To block something like this you need to determine what is botnet traffic vs legit traffic. It's hard.
Source IP doesn't work since it is random and changes. You need to look at things such as HTTP headers, TCP window and any odd flags that might be set. If you're lucky the botnet isn't capable of running a copy of Chrome or Safari or using a random sample template from legit traffic. Lots of botnets are made up of low power IOT devices so once these devices are capable of running a full headless chrome it will get harder.
Not to mention when you do figure out how to discriminate traffic you have to code it. And the code to determine valid traffic vs invalid better run fast because you are getting hit with 100k requests per second. Oh did I mention the attacker can change their algorithm whenever they want? Hope you have a full tensorflow ML/AI pipeline that configures your hardware based ingress of choice just in time. All this while making sure your current production traffic is being served at a speedy pace and not blocking legit customers.
These are some of the issues Cloudflare and companies like them have to deal with.

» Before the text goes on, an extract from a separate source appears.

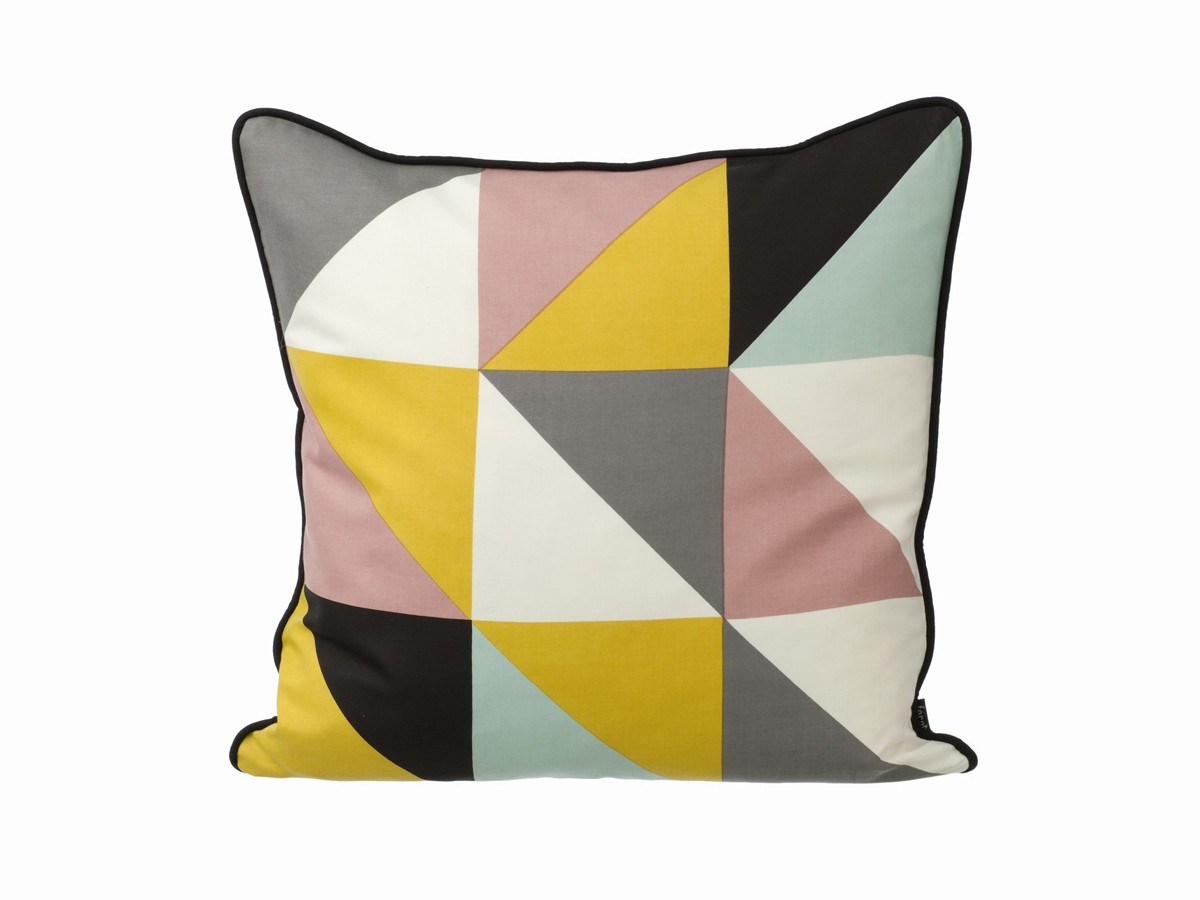 Ferm Living Remix Yellow Silk Cushion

In cases like this it's actually not that difficult as they're using devices that can be fingerprinted from the Internet. We at Shodan provide a local, embedded database (SQLite or RocksDB) so you can see which open ports connecting IPs have. If an IP is connecting from a device that's running weird ports, is compromised or has other unusual characteristics then you can either flag the connection as high risk or outright drop it if you're under attack. It's mostly used by banks etc. for fraud prevention but we have a few that use it for blocking traffic based on IP risk.
How does fingerprinting them help? You can fingerprint them but they are just desktops/mobile phones/laptops that have been compromised to be part of the botnet.
The compromised hosts that are part of the botnet look exactly like normal traffic.
If you have a database of known-compromised hosts (because a fingerprint scan of them shows something clearly identifiable as part of a botnet, which I think is usually rare [but possibly not for Mēris]), it can mitigate an attack if you've already blocked them.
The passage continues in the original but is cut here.